Action item - Nothing outside the stretch is wanted. Repeat exactly the lines of the listing below from the one that contains "Xiaomi Redmi Note" through the one that contains "black leather car", both ends included.

Data extracts -

#####

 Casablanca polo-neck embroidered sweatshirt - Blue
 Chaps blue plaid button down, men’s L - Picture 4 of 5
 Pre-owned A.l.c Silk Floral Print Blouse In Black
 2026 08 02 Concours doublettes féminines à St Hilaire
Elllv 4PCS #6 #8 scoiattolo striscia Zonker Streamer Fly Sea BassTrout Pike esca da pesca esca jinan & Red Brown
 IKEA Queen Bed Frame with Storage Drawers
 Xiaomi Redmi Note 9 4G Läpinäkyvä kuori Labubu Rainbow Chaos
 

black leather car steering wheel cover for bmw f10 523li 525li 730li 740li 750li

#####

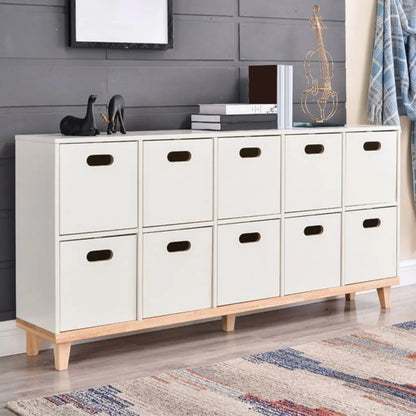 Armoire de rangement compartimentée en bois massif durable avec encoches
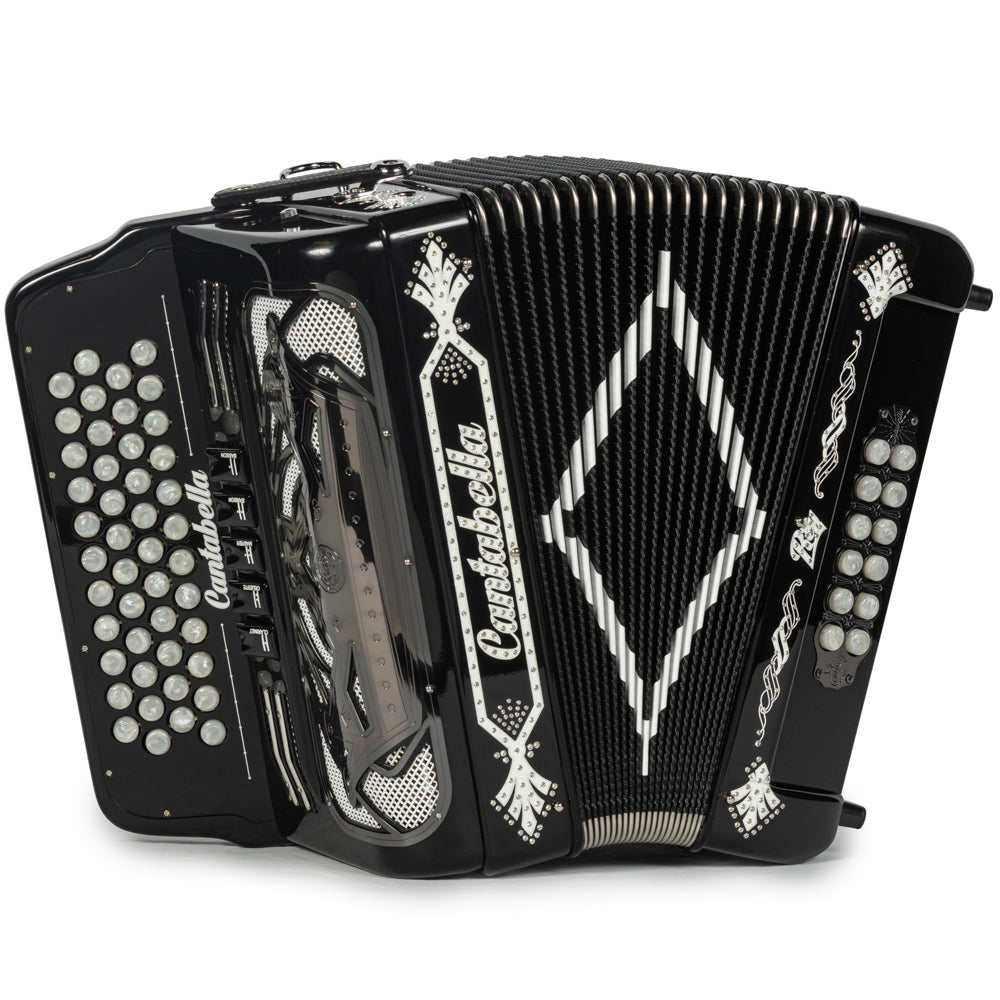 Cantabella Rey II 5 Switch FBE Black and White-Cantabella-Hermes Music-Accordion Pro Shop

#####

Exercise response -
 Xiaomi Redmi Note 9 4G Läpinäkyvä kuori Labubu Rainbow Chaos
 

black leather car steering wheel cover for bmw f10 523li 525li 730li 740li 750li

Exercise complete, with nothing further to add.